Content starts
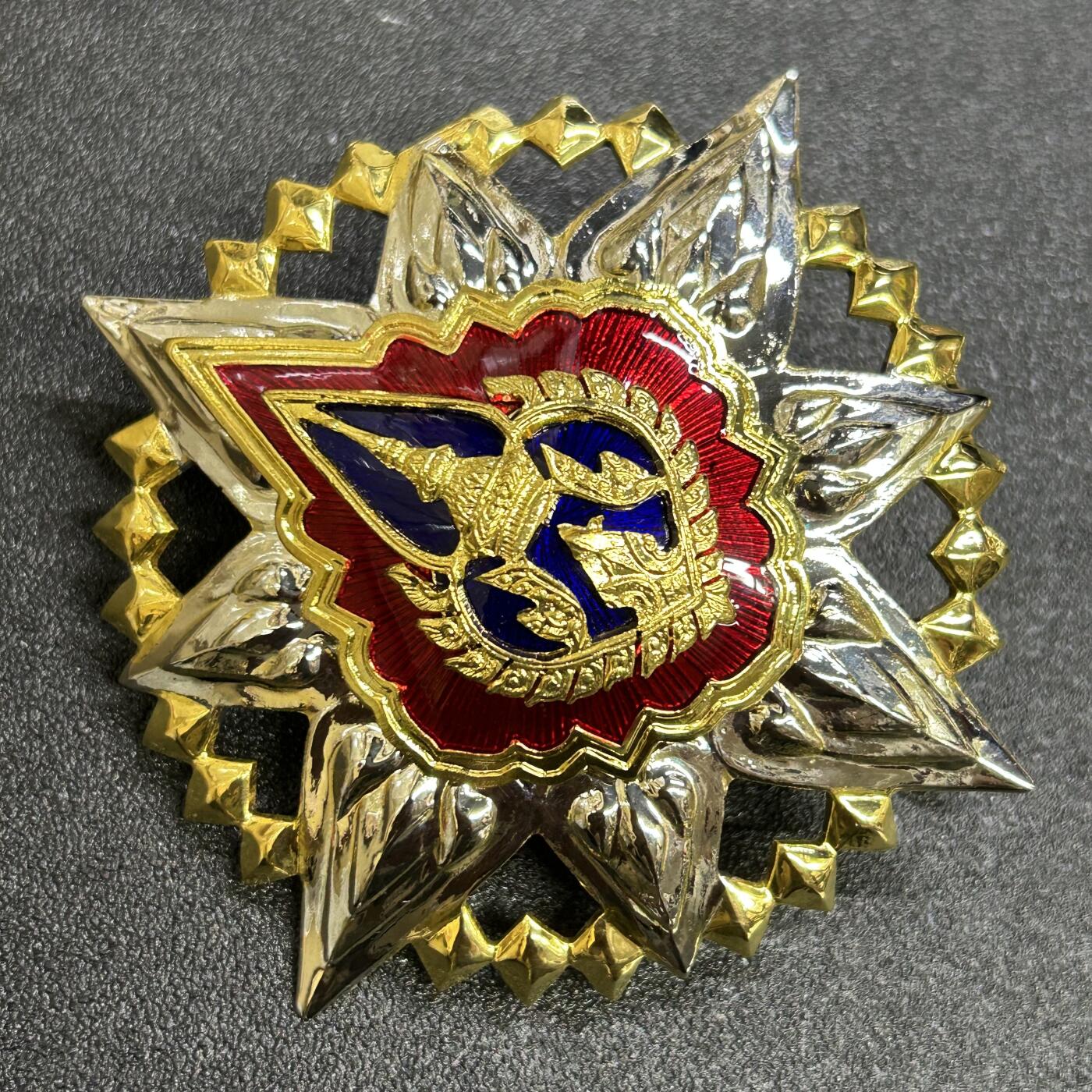 西秦中古拍卖第七十三期 泰国一等王冠勋章星芒章 现代版本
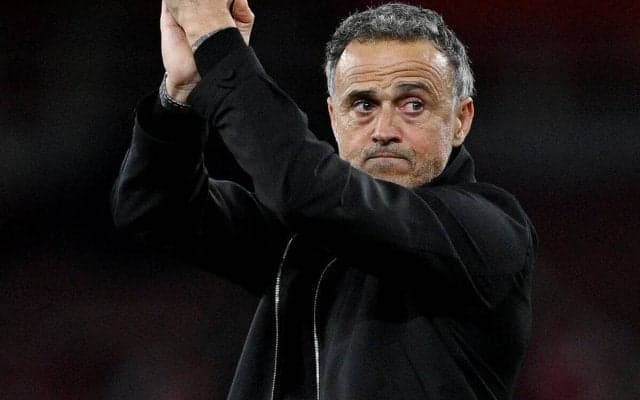 敵地で先勝のルイス・エンリケ監督はチームのメンタリティを称賛、負傷交代のデンベレについては｢2ndレグの出場は疑わしい｣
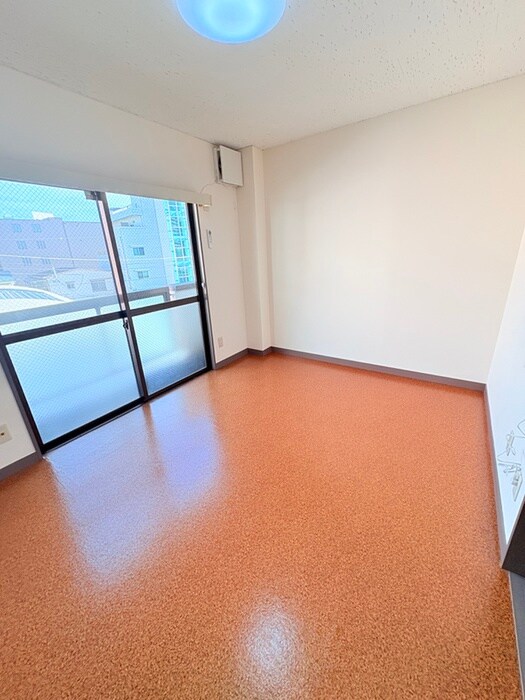 物件内観写真4　(居室)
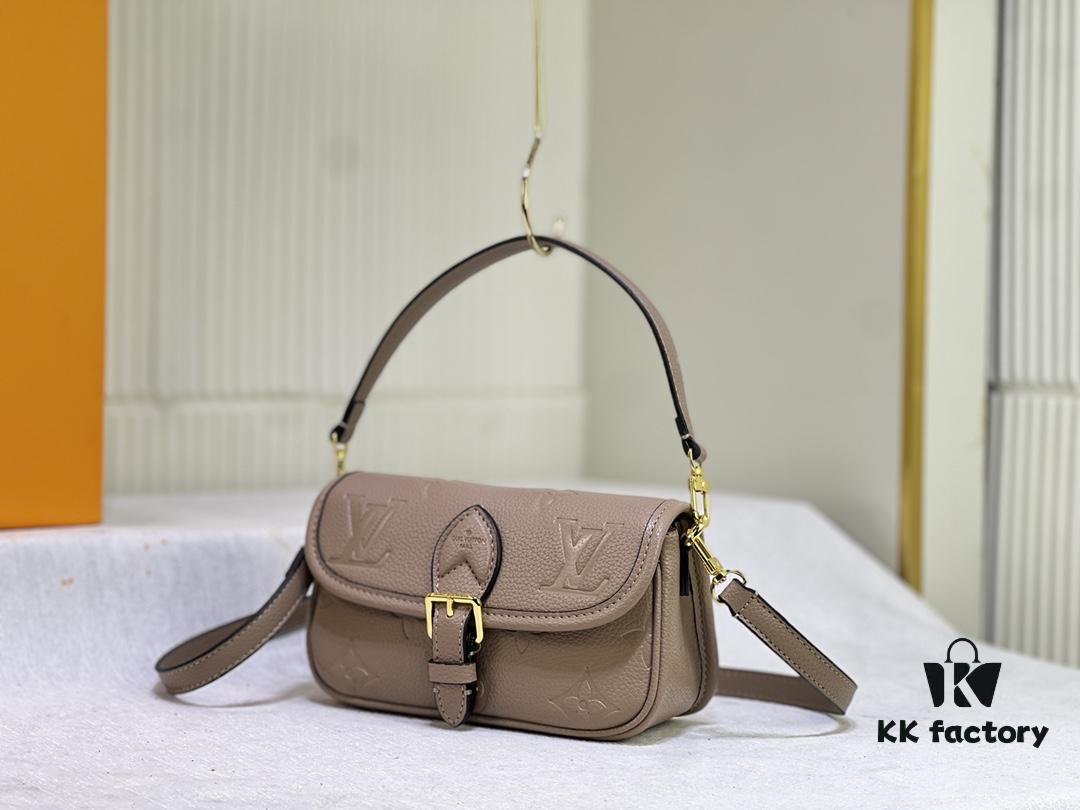 M83300 M45985 Baguette Collection New Diane Handbag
Content ends
◆ WHAT THE EXERCISE ASKS: Write out the data word for word, with every picture dropped.

◆ REPLY TO THE EXERCISE:
 西秦中古拍卖第七十三期 泰国一等王冠勋章星芒章 现代版本
 敵地で先勝のルイス・エンリケ監督はチームのメンタリティを称賛、負傷交代のデンベレについては｢2ndレグの出場は疑わしい｣
 物件内観写真4　(居室)
 M83300 M45985 Baguette Collection New Diane Handbag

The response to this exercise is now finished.